What needs to be done » The entries below hold a line with "Basic DIY Essential Oil Lip Balm Recipe" and a line with "NC Working Committee". Return those lines and all that lie between them, exactly and only.

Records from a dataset
----
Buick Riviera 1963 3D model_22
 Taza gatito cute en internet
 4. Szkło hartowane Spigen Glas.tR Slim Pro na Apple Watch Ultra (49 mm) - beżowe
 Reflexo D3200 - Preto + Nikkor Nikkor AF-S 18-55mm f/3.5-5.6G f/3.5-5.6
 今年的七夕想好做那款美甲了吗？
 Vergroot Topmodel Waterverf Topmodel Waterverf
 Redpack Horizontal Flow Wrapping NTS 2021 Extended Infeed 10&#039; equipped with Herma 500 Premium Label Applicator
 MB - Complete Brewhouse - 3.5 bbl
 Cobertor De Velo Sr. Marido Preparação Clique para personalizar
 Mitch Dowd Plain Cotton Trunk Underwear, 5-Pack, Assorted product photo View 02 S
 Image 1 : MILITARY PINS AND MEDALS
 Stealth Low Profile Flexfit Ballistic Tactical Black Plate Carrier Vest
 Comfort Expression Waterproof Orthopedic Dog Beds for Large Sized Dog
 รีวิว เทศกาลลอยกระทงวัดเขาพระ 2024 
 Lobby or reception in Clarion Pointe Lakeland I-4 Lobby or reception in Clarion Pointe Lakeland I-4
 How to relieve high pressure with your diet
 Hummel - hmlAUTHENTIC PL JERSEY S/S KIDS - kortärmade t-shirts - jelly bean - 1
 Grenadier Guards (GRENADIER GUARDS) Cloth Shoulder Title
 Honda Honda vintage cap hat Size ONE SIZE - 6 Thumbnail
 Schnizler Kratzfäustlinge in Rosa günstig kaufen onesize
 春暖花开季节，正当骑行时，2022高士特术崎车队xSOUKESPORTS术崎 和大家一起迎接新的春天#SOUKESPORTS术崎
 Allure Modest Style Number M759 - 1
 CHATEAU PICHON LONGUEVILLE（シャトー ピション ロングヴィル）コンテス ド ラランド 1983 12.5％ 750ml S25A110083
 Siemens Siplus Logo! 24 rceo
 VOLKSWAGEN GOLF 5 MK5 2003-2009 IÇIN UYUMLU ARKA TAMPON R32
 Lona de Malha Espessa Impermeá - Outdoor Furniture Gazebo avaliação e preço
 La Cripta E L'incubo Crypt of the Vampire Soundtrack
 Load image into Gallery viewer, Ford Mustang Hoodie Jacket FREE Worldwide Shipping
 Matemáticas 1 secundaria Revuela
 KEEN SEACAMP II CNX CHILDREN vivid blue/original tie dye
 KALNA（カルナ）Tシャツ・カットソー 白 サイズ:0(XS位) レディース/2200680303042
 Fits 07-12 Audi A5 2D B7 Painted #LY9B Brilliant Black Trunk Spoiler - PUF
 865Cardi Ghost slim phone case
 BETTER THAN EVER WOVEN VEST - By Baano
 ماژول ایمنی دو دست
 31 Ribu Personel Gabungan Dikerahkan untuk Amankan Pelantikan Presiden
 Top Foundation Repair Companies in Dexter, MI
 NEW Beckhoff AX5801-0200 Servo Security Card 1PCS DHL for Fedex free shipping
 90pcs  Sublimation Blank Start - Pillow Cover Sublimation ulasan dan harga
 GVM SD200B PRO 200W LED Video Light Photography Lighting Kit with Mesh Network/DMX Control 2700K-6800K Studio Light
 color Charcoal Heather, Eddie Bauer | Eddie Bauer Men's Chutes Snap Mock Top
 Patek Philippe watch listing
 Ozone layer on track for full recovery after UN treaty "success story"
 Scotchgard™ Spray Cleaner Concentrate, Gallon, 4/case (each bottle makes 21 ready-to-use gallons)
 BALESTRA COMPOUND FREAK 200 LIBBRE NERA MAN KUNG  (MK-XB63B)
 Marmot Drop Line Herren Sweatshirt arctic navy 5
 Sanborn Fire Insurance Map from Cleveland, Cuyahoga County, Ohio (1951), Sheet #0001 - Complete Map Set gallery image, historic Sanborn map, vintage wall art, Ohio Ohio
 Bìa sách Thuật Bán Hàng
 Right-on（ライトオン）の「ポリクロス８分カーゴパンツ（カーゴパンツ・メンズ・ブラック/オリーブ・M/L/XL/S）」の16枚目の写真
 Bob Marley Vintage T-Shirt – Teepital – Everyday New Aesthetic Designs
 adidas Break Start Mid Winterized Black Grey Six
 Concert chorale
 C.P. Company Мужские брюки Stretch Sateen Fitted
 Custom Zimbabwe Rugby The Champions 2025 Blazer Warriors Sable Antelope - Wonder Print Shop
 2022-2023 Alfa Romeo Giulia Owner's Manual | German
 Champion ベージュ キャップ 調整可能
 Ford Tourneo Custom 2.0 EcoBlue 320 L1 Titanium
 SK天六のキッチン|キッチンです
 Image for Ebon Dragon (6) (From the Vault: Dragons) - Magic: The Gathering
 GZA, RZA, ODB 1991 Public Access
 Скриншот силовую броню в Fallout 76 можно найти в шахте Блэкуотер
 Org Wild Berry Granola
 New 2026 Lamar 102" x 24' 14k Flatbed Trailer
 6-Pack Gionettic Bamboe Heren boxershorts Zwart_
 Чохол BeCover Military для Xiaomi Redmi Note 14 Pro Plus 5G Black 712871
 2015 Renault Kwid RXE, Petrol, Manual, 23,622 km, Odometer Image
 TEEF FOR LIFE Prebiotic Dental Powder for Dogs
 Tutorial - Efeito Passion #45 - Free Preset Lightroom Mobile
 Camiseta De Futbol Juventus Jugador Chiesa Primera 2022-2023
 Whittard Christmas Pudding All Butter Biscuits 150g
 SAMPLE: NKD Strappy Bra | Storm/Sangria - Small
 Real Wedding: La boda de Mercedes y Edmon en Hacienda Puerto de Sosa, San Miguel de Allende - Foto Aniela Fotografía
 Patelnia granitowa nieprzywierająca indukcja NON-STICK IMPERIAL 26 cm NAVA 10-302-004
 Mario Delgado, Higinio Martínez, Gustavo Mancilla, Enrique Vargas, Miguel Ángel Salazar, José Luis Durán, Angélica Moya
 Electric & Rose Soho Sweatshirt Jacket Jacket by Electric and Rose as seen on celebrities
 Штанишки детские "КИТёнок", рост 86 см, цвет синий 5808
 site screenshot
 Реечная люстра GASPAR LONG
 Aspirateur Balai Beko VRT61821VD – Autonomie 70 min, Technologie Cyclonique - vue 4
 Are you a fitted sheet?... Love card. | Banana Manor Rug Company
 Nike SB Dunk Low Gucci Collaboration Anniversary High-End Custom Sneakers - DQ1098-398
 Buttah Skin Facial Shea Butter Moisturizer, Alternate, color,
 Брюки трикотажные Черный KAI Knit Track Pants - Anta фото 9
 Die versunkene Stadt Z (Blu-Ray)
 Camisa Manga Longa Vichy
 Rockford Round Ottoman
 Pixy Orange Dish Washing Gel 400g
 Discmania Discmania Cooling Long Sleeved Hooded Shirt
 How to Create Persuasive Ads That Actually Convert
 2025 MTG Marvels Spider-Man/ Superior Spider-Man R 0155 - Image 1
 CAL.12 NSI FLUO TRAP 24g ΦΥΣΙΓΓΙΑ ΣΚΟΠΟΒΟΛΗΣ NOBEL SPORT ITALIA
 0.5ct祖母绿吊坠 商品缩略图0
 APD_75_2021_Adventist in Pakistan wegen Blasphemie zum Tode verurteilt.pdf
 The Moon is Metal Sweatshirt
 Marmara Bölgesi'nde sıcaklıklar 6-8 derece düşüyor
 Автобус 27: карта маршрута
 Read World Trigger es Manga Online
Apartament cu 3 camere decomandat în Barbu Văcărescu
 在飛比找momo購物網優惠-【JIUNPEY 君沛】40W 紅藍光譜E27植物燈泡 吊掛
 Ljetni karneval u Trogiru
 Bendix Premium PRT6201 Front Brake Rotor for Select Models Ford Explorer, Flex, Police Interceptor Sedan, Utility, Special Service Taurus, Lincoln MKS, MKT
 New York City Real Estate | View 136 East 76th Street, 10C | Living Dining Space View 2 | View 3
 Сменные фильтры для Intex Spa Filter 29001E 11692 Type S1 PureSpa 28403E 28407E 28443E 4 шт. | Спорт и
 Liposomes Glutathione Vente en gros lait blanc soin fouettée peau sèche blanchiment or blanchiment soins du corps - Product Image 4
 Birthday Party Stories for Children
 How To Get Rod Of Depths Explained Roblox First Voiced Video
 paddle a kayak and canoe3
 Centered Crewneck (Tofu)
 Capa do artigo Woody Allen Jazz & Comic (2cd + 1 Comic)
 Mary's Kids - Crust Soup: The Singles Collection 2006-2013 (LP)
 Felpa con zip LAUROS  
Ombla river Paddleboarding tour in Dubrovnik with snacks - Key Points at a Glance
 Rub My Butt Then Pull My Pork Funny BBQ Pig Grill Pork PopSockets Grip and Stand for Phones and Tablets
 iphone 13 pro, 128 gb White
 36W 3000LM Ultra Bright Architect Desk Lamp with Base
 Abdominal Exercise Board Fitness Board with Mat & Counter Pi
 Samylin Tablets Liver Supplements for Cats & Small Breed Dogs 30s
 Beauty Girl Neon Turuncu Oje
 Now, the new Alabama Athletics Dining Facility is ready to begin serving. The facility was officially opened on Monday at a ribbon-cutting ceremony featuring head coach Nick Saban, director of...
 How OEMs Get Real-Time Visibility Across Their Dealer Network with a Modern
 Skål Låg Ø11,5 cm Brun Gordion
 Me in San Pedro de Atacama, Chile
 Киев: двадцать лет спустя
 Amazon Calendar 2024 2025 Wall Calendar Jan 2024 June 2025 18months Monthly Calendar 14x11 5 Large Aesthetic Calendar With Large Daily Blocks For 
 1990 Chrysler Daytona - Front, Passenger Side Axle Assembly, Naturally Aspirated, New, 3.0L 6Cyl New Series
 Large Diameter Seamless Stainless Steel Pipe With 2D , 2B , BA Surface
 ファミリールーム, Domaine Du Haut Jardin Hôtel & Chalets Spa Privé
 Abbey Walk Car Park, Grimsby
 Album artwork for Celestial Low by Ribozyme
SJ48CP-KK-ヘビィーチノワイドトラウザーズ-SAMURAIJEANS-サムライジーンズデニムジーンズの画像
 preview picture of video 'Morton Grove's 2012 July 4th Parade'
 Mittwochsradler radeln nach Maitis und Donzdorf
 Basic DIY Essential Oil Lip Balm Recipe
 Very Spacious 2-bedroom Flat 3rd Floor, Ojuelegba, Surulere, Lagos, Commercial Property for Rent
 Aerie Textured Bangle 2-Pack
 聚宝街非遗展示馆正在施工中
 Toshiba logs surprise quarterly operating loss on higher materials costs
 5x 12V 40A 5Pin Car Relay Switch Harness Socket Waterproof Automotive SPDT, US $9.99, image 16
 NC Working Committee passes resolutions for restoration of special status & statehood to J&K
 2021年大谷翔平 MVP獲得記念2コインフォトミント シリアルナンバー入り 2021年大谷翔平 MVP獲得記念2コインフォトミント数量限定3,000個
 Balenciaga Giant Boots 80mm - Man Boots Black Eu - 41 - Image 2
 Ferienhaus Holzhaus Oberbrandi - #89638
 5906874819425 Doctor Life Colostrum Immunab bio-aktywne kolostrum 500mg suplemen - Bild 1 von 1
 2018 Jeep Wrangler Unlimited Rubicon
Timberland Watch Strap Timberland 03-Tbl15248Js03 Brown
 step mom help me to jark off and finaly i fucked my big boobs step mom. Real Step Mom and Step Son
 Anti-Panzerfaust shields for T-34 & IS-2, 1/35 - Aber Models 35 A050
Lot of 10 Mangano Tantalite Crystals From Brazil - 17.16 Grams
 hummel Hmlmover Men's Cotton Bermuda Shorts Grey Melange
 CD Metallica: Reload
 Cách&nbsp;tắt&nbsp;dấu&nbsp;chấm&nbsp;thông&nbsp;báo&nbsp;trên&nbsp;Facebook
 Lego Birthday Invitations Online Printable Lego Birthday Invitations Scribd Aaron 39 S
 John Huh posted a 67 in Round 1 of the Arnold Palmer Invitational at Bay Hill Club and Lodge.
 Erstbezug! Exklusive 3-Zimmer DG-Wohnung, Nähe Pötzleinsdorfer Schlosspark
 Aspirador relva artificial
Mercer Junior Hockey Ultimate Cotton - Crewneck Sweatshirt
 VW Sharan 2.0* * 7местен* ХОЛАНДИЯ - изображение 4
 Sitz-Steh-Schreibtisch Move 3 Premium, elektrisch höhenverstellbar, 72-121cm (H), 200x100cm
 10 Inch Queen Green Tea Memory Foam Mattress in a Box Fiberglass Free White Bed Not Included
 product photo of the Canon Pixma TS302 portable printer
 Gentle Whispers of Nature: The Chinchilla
----
Expected answer »
 Basic DIY Essential Oil Lip Balm Recipe
 Very Spacious 2-bedroom Flat 3rd Floor, Ojuelegba, Surulere, Lagos, Commercial Property for Rent
 Aerie Textured Bangle 2-Pack
 聚宝街非遗展示馆正在施工中
 Toshiba logs surprise quarterly operating loss on higher materials costs
 5x 12V 40A 5Pin Car Relay Switch Harness Socket Waterproof Automotive SPDT, US $9.99, image 16
 NC Working Committee passes resolutions for restoration of special status & statehood to J&K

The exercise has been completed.